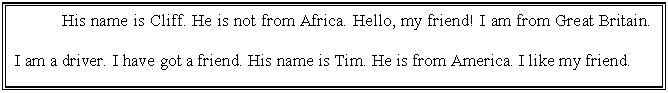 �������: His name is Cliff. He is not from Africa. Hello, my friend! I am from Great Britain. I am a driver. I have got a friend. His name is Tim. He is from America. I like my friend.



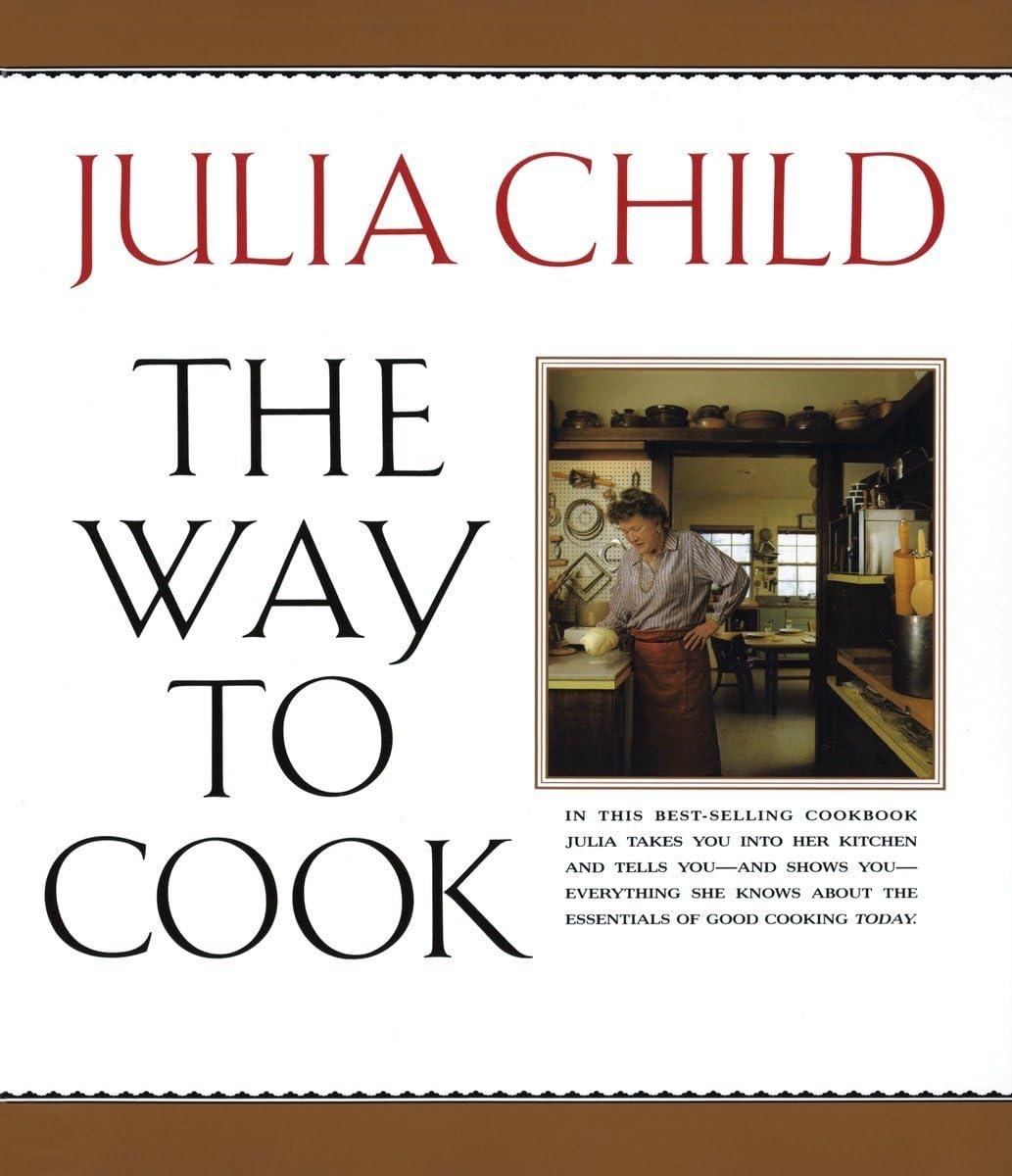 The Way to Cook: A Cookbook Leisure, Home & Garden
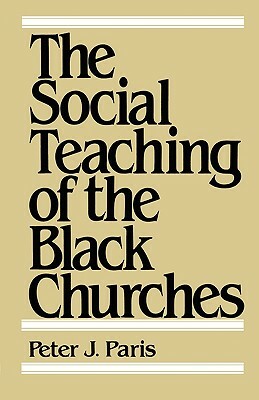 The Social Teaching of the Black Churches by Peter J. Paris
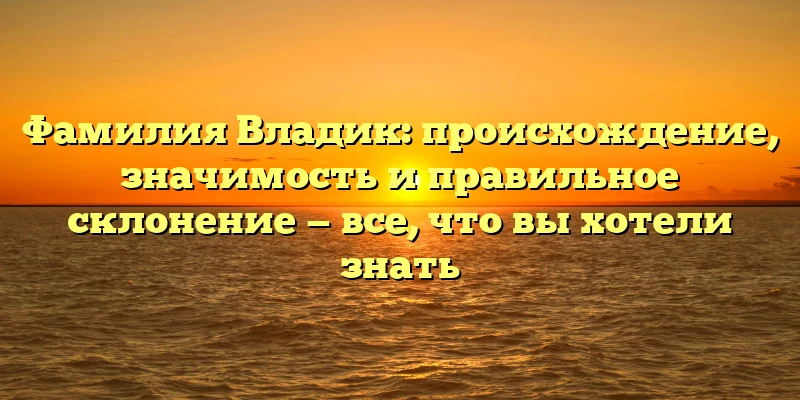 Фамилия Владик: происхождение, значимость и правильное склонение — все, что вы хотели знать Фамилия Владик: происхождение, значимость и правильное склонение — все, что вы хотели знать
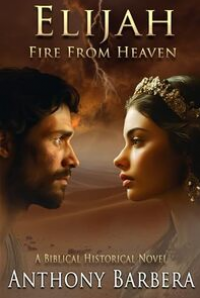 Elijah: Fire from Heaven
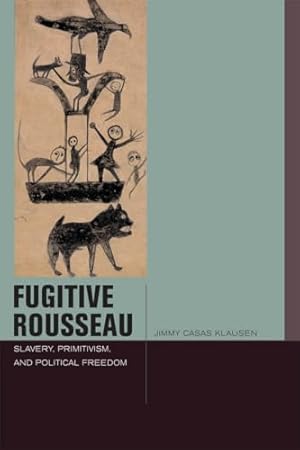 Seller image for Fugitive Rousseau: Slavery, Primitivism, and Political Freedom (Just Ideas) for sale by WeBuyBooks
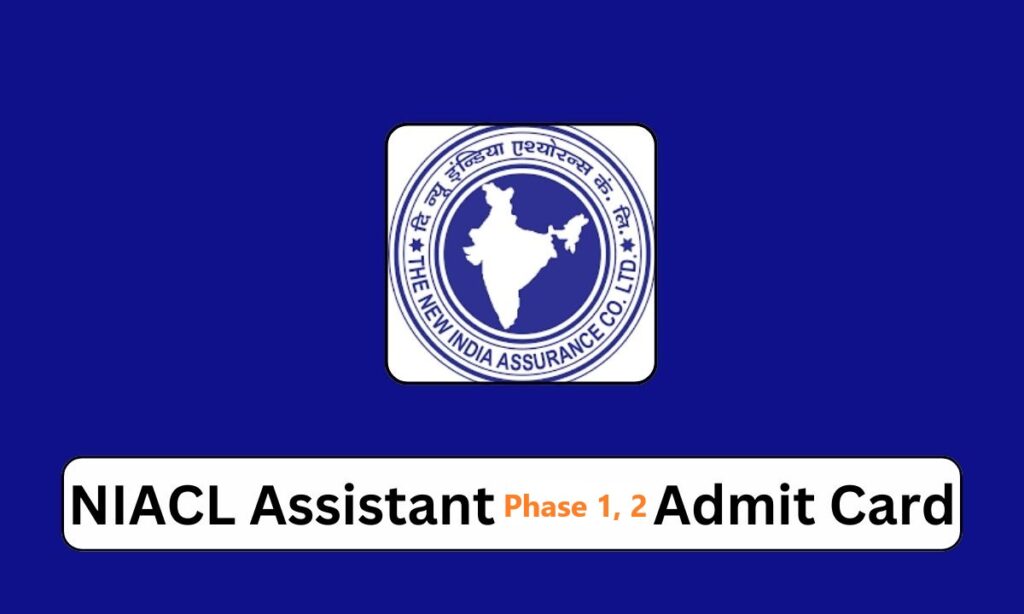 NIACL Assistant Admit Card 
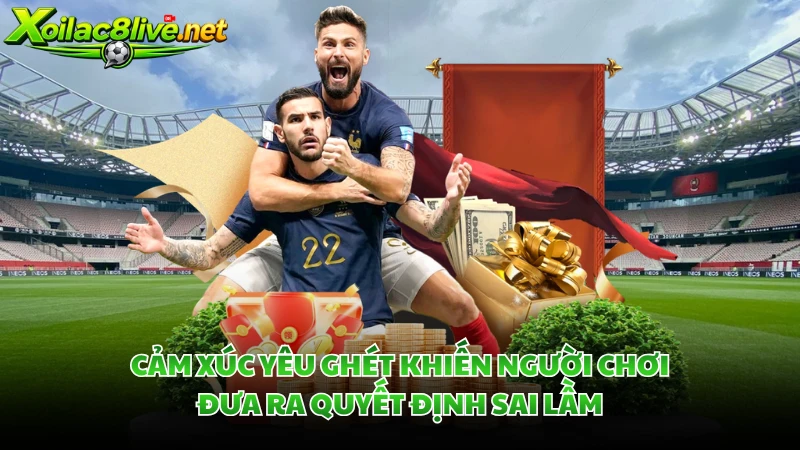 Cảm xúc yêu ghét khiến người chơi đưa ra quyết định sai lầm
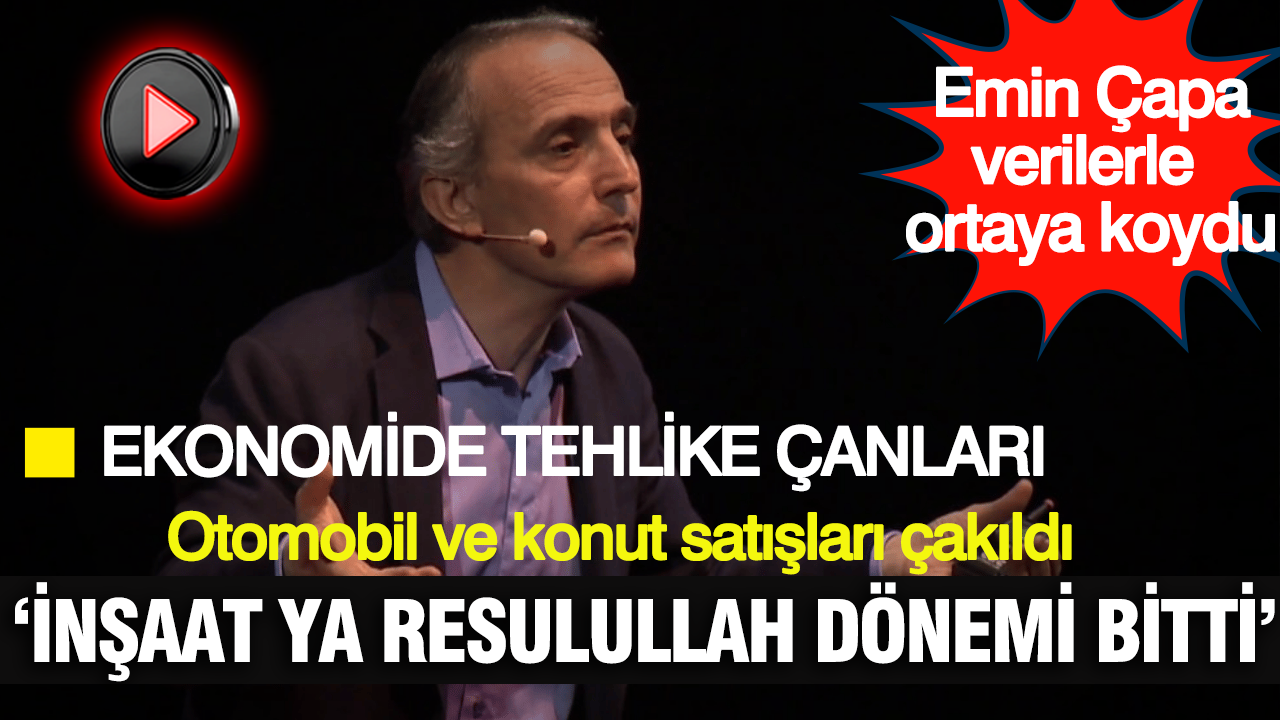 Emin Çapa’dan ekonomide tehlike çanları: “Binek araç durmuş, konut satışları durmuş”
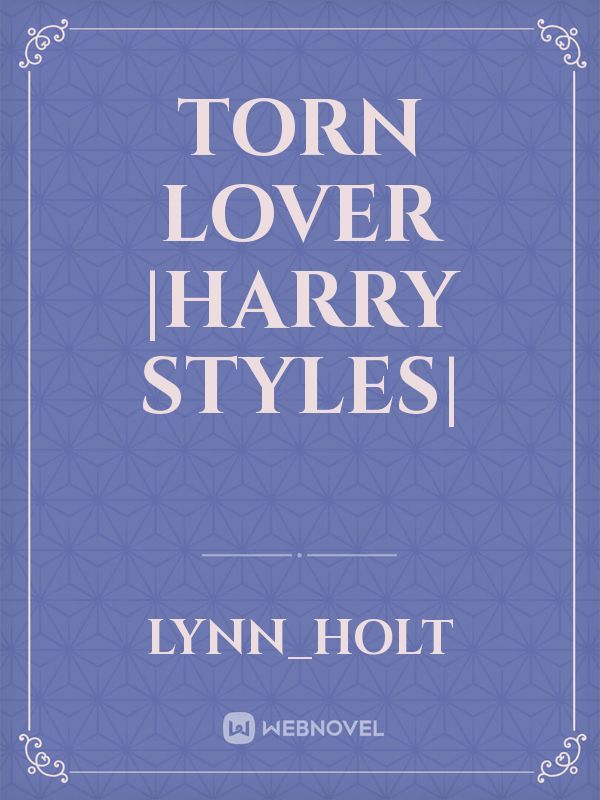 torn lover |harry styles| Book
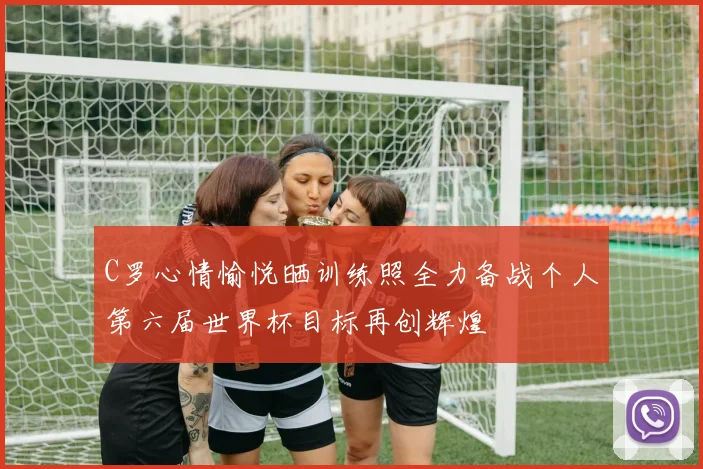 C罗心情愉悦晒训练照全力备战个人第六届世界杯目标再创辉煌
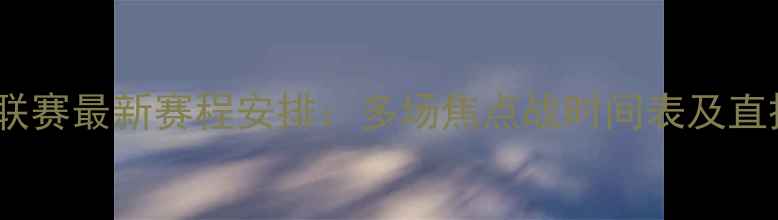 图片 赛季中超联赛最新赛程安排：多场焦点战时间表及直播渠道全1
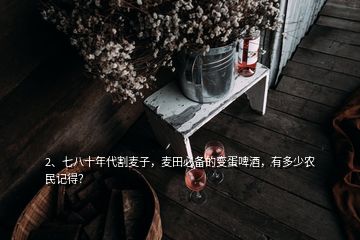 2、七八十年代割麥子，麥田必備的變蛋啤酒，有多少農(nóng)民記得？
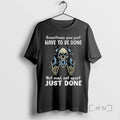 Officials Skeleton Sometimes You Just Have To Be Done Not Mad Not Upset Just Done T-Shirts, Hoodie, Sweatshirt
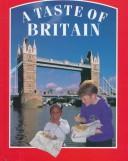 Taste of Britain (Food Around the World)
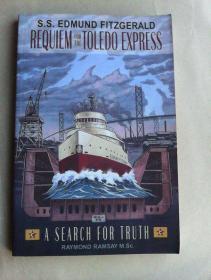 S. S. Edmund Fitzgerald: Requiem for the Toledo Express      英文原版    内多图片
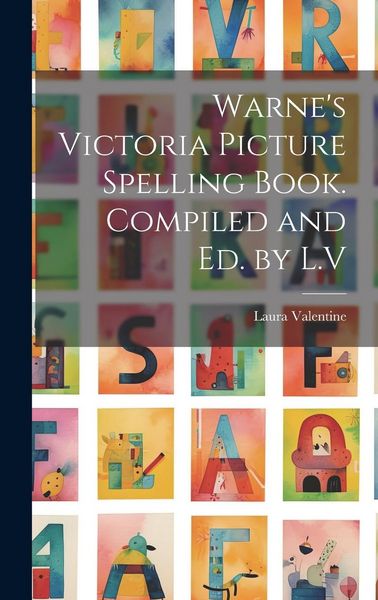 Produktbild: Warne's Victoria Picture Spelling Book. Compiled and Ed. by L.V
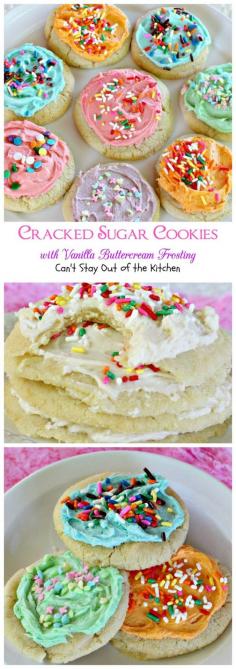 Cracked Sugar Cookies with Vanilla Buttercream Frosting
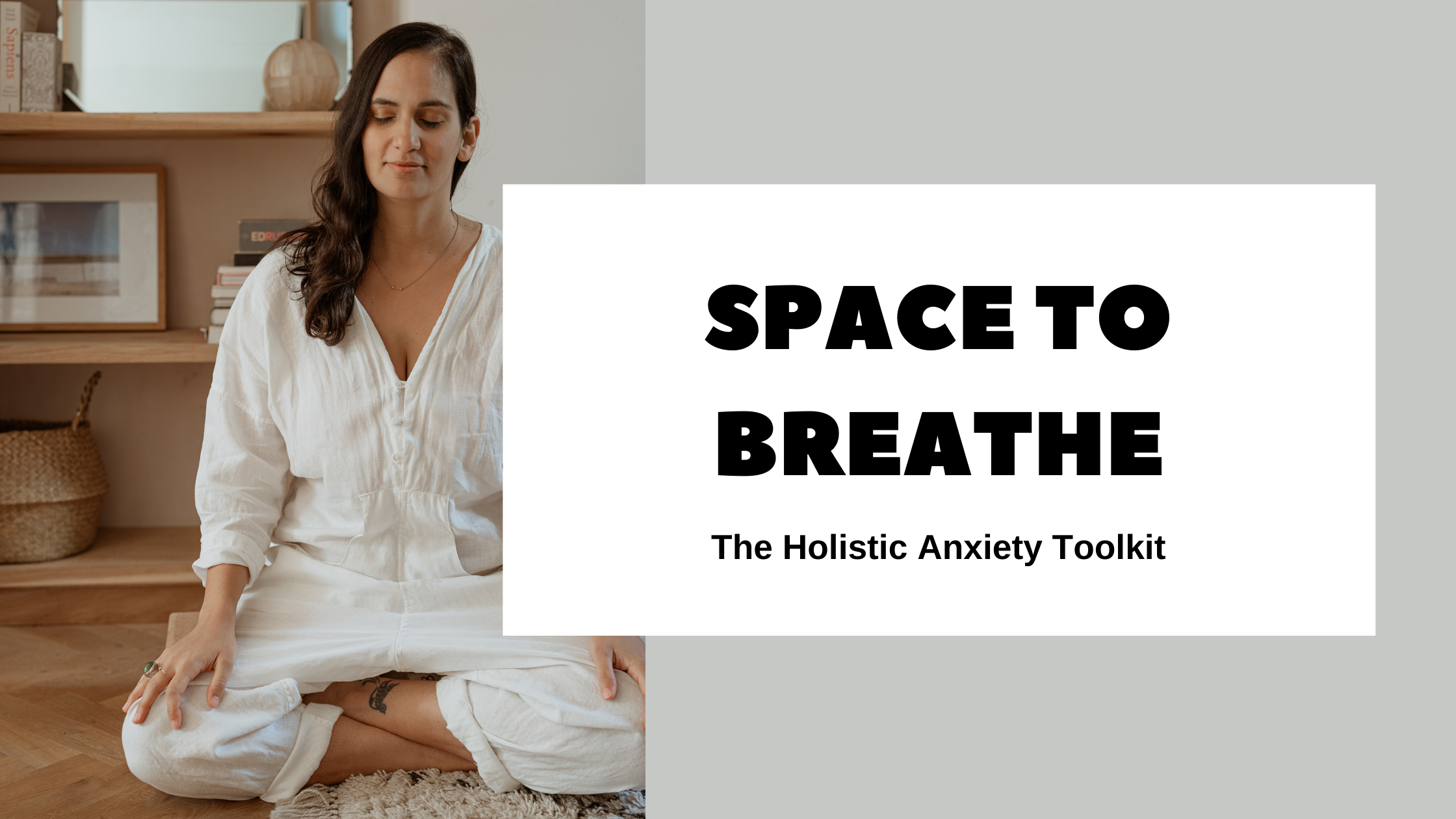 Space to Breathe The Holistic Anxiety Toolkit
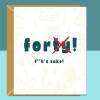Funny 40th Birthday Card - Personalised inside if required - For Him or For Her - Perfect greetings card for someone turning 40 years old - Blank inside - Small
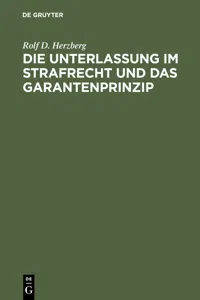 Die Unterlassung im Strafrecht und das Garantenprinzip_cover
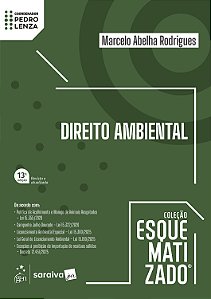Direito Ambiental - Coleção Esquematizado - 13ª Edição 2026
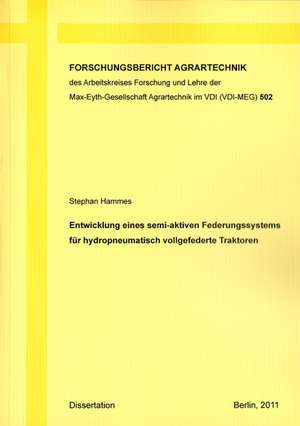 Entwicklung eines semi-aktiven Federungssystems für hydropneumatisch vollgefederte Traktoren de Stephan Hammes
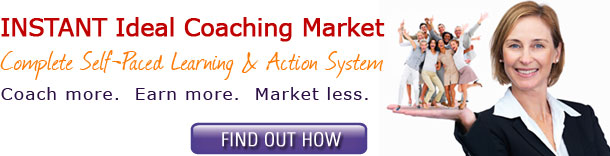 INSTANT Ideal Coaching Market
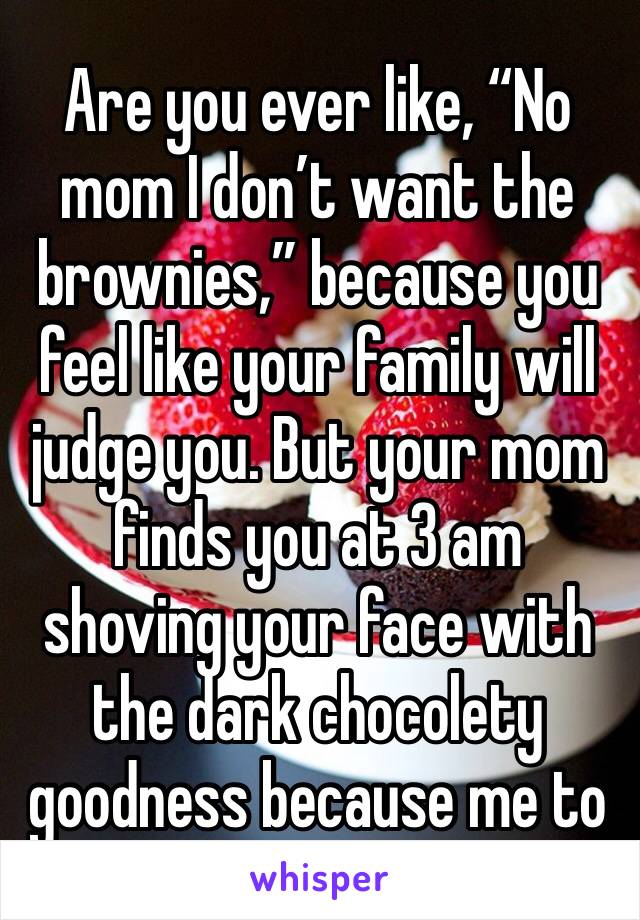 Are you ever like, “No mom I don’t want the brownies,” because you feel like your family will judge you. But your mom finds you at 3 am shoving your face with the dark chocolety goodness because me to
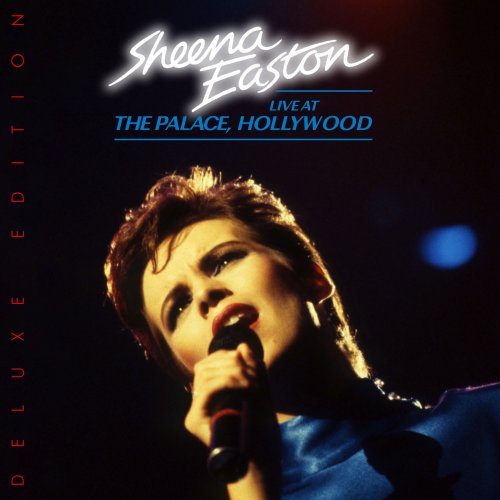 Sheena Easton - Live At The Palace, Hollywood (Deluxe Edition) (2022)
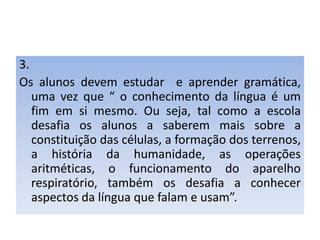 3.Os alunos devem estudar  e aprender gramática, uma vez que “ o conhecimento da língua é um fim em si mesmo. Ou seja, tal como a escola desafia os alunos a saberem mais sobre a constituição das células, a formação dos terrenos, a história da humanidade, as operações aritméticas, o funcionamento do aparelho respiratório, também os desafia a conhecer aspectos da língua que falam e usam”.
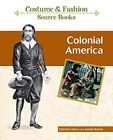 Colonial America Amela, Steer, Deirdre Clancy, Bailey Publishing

§ TASK OBJECTIVE: Apart from the pictures, all of the data must be duplicated exactly as shown above.

§ WRITTEN RESPONSE:
 �������: His name is Cliff. He is not from Africa. Hello, my friend! I am from Great Britain. I am a driver. I have got a friend. His name is Tim. He is from America. I like my friend.



 The Way to Cook: A Cookbook Leisure, Home & Garden
 The Social Teaching of the Black Churches by Peter J. Paris
 Фамилия Владик: происхождение, значимость и правильное склонение — все, что вы хотели знать Фамилия Владик: происхождение, значимость и правильное склонение — все, что вы хотели знать
 Elijah: Fire from Heaven
 Seller image for Fugitive Rousseau: Slavery, Primitivism, and Political Freedom (Just Ideas) for sale by WeBuyBooks
 NIACL Assistant Admit Card 
 Cảm xúc yêu ghét khiến người chơi đưa ra quyết định sai lầm
 Emin Çapa’dan ekonomide tehlike çanları: “Binek araç durmuş, konut satışları durmuş”
 torn lover |harry styles| Book
 C罗心情愉悦晒训练照全力备战个人第六届世界杯目标再创辉煌
 图片 赛季中超联赛最新赛程安排：多场焦点战时间表及直播渠道全1
 2、七八十年代割麥子，麥田必備的變蛋啤酒，有多少農(nóng)民記得？
 Officials Skeleton Sometimes You Just Have To Be Done Not Mad Not Upset Just Done T-Shirts, Hoodie, Sweatshirt
 Taste of Britain (Food Around the World)
 S. S. Edmund Fitzgerald: Requiem for the Toledo Express      英文原版    内多图片
 Produktbild: Warne's Victoria Picture Spelling Book. Compiled and Ed. by L.V
 Cracked Sugar Cookies with Vanilla Buttercream Frosting
 Space to Breathe The Holistic Anxiety Toolkit
Funny 40th Birthday Card - Personalised inside if required - For Him or For Her - Perfect greetings card for someone turning 40 years old - Blank inside - Small
 Die Unterlassung im Strafrecht und das Garantenprinzip_cover
Direito Ambiental - Coleção Esquematizado - 13ª Edição 2026
 Entwicklung eines semi-aktiven Federungssystems für hydropneumatisch vollgefederte Traktoren de Stephan Hammes
 INSTANT Ideal Coaching Market
 Are you ever like, “No mom I don’t want the brownies,” because you feel like your family will judge you. But your mom finds you at 3 am shoving your face with the dark chocolety goodness because me to
 Sheena Easton - Live At The Palace, Hollywood (Deluxe Edition) (2022)
 3.Os alunos devem estudar  e aprender gramática, uma vez que “ o conhecimento da língua é um fim em si mesmo. Ou seja, tal como a escola desafia os alunos a saberem mais sobre a constituição das células, a formação dos terrenos, a história da humanidade, as operações aritméticas, o funcionamento do aparelho respiratório, também os desafia a conhecer aspectos da língua que falam e usam”.
 Colonial America Amela, Steer, Deirdre Clancy, Bailey Publishing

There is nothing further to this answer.